Wszyscy gapili się w moją stronę. Nienawidziłam być w centrum uwagi. Impulsywnie zerwałam się na równe nogi.
-Gdzie znajdę toaletę?
-W korytarzu na lewo. Tylko zapal sobie światło. - Wytłumaczyła Li i nim dopadłam wyjścia kątem oka zobaczyłam jeszcze, że ktoś rusza za mną.
Nie zatrzymałam się. Wypadłam na korytarz i nie zapalając światła ruszyłam do przodu. Daleko jednak nie zaszłam, ponieważ chwilę później potknęłam się o coś i z piskiem poleciałam do przodu.
-Cholera. - Mogłam zapalić, to głupie światło.
-Rose? - Mogłam się domyślić, że to Will za mną wybiegł. - Nic ci nie jest? - Zapytał, jak mi się zdaje kucając.

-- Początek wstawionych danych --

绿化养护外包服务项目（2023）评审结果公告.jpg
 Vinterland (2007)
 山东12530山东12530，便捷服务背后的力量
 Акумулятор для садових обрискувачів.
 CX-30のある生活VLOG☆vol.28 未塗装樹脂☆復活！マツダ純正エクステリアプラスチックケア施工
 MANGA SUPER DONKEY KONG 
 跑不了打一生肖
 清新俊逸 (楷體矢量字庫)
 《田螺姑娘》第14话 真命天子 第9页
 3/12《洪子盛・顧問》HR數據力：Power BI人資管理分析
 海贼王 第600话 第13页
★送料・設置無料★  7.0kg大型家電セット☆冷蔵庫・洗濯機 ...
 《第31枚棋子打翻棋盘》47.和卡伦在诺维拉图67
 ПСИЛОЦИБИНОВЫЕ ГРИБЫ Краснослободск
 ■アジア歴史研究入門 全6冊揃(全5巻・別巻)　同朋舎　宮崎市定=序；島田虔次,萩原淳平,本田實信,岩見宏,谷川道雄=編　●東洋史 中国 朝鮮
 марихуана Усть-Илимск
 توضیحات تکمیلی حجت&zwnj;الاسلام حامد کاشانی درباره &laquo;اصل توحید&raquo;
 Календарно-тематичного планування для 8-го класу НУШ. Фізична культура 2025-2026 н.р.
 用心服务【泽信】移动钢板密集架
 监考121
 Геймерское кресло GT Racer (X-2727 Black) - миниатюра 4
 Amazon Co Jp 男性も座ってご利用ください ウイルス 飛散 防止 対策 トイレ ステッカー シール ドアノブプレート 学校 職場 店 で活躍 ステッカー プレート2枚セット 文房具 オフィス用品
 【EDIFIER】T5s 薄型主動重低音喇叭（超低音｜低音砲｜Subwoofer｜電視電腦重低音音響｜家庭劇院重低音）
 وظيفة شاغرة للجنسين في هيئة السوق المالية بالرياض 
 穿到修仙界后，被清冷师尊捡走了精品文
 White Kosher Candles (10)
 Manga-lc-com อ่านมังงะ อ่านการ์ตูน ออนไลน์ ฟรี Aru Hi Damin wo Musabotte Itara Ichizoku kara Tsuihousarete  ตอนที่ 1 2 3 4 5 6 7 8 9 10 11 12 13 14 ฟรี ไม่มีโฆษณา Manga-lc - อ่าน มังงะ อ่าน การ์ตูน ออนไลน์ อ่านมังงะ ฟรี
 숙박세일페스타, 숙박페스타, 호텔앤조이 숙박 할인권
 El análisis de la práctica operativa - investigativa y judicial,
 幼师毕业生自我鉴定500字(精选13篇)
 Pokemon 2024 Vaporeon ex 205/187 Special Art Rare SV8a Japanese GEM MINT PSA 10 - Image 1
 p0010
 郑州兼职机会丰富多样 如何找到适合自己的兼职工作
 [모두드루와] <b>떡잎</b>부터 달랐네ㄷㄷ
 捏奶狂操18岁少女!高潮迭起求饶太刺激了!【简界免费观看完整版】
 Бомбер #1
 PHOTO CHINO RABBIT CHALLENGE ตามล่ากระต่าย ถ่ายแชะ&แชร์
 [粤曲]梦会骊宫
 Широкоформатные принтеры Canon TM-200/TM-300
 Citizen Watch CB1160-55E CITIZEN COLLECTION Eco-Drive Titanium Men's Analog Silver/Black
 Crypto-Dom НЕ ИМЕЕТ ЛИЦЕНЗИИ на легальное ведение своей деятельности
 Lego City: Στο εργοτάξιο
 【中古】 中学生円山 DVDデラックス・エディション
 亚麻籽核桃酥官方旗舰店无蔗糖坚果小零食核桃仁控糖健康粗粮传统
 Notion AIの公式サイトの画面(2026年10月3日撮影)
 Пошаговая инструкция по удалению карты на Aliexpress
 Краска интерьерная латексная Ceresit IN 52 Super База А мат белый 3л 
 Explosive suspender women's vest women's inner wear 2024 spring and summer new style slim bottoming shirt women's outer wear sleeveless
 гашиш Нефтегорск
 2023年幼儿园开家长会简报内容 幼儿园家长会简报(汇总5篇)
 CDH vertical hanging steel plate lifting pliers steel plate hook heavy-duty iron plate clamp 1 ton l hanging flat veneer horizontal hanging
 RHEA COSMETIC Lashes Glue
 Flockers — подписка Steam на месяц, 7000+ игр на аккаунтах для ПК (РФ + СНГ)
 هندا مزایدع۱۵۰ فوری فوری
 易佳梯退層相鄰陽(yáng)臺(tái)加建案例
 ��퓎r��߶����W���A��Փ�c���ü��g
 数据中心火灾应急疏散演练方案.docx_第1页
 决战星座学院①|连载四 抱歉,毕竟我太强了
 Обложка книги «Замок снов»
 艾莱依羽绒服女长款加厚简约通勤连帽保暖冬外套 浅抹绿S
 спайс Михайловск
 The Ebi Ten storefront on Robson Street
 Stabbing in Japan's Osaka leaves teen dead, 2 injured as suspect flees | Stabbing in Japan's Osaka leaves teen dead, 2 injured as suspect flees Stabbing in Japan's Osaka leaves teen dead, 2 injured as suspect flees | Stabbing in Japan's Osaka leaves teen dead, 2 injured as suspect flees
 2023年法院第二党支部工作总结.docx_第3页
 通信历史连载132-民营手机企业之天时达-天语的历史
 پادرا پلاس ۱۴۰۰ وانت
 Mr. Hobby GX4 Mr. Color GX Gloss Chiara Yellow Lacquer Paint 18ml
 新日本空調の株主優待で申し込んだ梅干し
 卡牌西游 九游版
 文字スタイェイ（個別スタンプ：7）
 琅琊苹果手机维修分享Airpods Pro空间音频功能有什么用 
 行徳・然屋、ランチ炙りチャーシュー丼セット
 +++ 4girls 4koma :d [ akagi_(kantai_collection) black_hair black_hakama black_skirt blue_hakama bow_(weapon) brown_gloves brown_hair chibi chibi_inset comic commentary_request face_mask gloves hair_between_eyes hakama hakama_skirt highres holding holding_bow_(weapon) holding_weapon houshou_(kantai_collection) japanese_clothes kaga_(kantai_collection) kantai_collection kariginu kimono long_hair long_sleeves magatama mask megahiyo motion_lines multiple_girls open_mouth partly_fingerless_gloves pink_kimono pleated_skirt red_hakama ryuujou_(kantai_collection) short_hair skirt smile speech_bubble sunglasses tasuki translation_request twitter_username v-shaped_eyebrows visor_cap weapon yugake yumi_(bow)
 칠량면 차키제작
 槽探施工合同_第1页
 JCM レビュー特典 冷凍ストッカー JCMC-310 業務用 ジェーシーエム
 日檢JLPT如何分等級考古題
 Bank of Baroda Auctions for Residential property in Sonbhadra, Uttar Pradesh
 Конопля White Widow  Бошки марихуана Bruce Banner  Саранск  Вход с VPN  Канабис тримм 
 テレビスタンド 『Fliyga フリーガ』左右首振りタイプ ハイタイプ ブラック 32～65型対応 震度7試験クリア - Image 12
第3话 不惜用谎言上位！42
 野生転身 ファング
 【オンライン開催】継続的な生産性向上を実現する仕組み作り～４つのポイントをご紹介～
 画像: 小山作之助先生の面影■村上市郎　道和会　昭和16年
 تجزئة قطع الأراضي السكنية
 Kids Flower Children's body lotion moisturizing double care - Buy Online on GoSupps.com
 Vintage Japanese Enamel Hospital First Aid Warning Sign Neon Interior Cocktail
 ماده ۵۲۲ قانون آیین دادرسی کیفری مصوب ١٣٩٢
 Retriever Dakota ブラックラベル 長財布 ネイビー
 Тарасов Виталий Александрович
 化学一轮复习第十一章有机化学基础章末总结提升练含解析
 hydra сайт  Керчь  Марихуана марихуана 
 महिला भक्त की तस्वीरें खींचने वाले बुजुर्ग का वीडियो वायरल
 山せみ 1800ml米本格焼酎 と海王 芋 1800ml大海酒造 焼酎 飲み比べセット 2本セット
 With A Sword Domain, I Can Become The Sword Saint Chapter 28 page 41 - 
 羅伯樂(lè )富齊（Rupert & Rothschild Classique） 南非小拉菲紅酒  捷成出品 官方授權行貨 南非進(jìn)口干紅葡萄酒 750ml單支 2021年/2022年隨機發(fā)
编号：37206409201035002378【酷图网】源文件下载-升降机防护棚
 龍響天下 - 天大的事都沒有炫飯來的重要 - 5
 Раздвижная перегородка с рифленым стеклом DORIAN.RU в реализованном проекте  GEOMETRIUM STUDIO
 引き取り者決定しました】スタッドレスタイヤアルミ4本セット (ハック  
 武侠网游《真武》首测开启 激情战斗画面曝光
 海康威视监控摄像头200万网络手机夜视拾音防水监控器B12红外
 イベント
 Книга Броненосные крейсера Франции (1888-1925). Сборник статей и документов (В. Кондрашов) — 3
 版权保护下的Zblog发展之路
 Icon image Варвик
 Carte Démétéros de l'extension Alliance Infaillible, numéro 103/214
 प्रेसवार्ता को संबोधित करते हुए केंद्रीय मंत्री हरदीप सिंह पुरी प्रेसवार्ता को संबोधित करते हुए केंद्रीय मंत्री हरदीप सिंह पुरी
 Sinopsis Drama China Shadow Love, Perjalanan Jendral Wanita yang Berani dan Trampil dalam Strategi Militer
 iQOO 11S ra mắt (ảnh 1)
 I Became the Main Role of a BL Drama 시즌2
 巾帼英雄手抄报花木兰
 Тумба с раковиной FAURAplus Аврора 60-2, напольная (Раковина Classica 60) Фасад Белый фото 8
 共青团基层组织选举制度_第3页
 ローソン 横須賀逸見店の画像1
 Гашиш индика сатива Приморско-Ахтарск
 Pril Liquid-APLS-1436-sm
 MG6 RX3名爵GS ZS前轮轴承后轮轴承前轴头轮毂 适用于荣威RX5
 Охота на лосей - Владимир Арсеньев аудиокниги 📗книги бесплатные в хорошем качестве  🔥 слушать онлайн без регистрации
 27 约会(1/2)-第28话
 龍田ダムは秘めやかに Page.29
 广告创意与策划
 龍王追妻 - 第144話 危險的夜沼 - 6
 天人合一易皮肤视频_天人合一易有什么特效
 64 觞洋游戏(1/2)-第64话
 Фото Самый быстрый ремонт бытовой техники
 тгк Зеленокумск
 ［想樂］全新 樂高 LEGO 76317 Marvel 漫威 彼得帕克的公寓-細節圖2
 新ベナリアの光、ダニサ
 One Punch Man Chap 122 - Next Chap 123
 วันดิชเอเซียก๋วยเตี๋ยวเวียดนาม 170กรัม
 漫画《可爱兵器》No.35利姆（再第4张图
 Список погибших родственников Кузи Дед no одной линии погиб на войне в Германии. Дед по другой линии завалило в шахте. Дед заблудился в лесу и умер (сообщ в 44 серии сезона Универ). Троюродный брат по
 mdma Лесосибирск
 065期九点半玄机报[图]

Zaraz jednak powiedział coś, co wyprowadziło mnie całkowicie z równowagi.
-Jesteś cała zimna.
Przerażona patrzyłam w ciemność.
-Will, ale ty mnie wcale nie dotykasz.
-Co? Trzymam twoją.... - Nie skończył, ponieważ rozbłysły światła.
Później wszystko potoczyło się bardzo szybko.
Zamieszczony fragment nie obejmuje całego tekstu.